**WHAT THIS TASK INVOLVES**
Repeat the data below exactly, dropping any pictures it holds.
SOURCE DATA section start
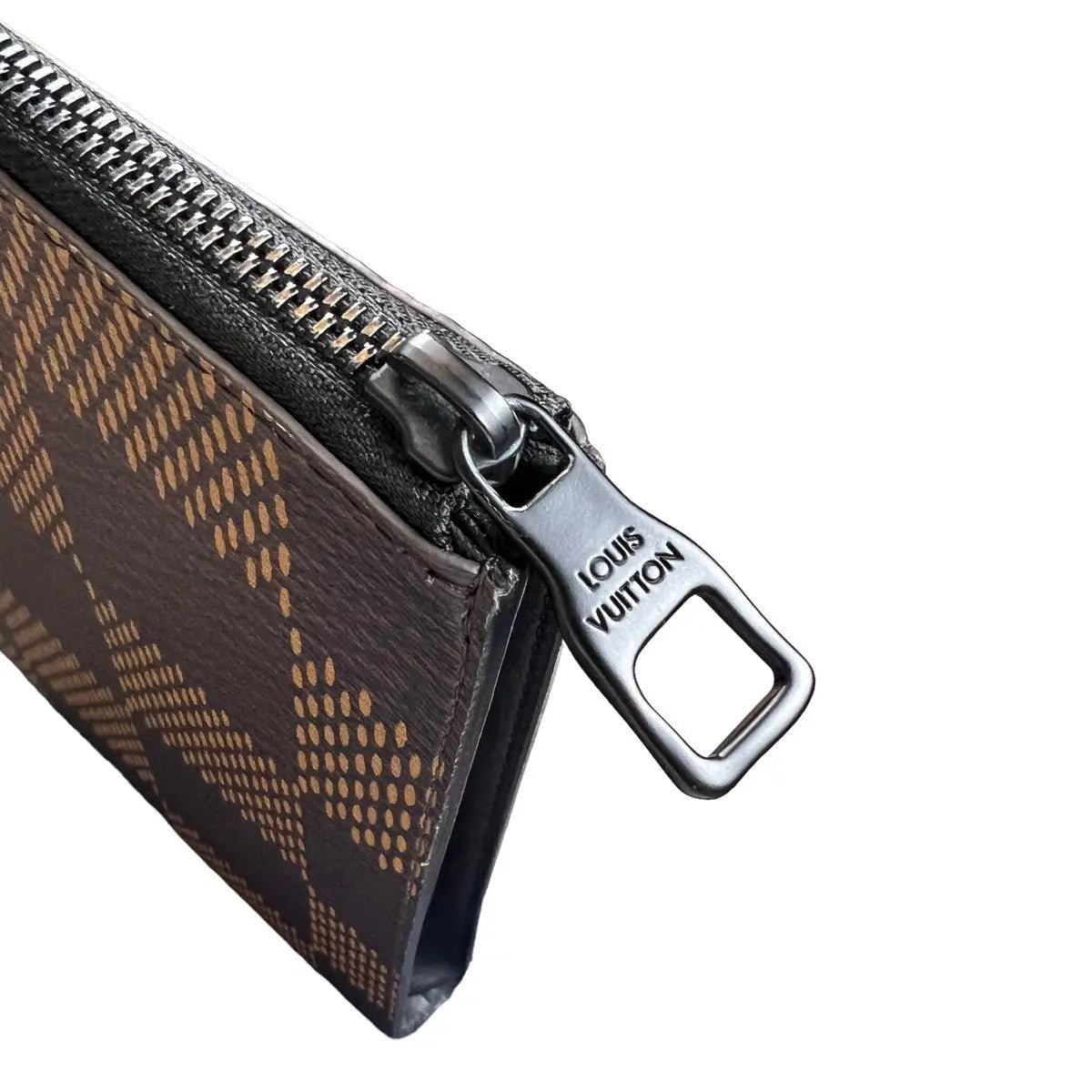 Louis Vuitton Giant Damier Bear Pochette Jour GM Clutch Bag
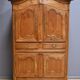 4-door cherry wood cabinet, regional work, Louis XV style – first part of the 19th century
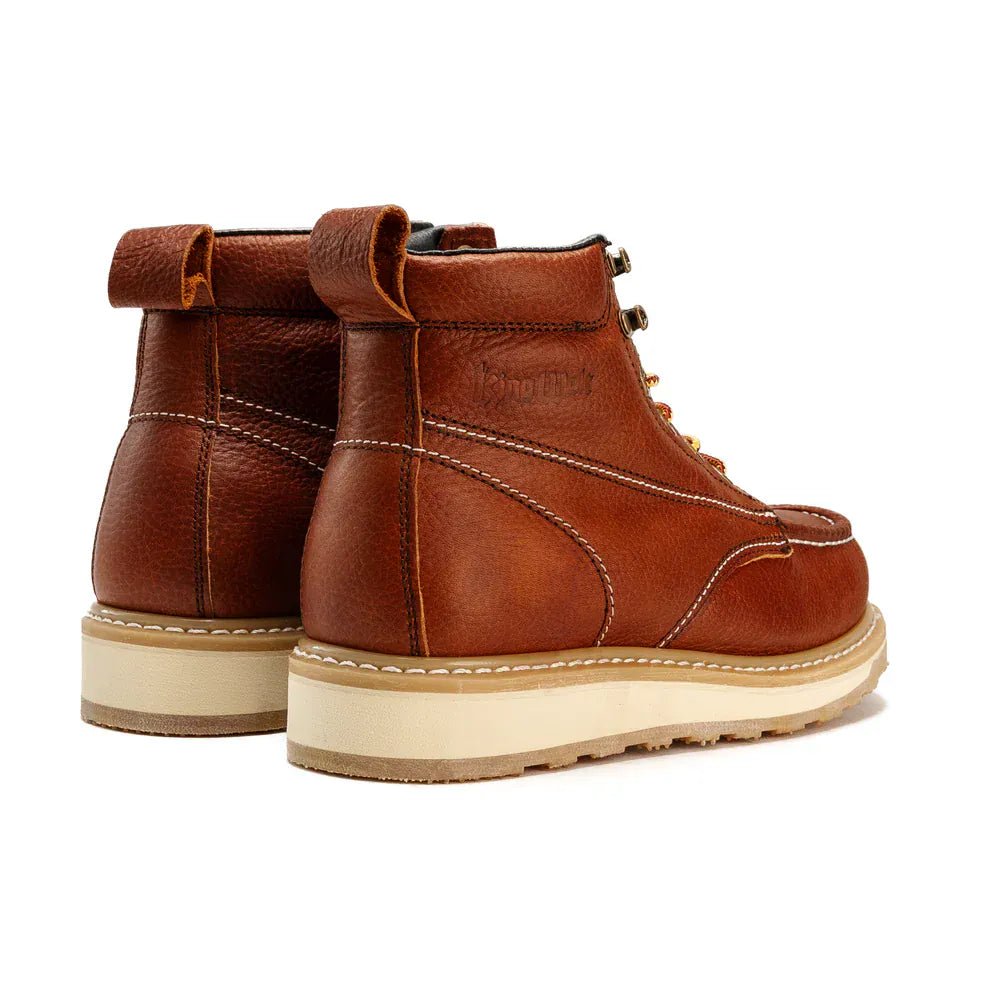 Botas de Trabajo Calexico 6" Horma Moc Suave Wedge Piel Genuina Color Tan - King Welt - King Welt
SOURCE DATA section end
**YOUR SOLUTION**
 Louis Vuitton Giant Damier Bear Pochette Jour GM Clutch Bag
 4-door cherry wood cabinet, regional work, Louis XV style – first part of the 19th century
 Botas de Trabajo Calexico 6" Horma Moc Suave Wedge Piel Genuina Color Tan - King Welt - King Welt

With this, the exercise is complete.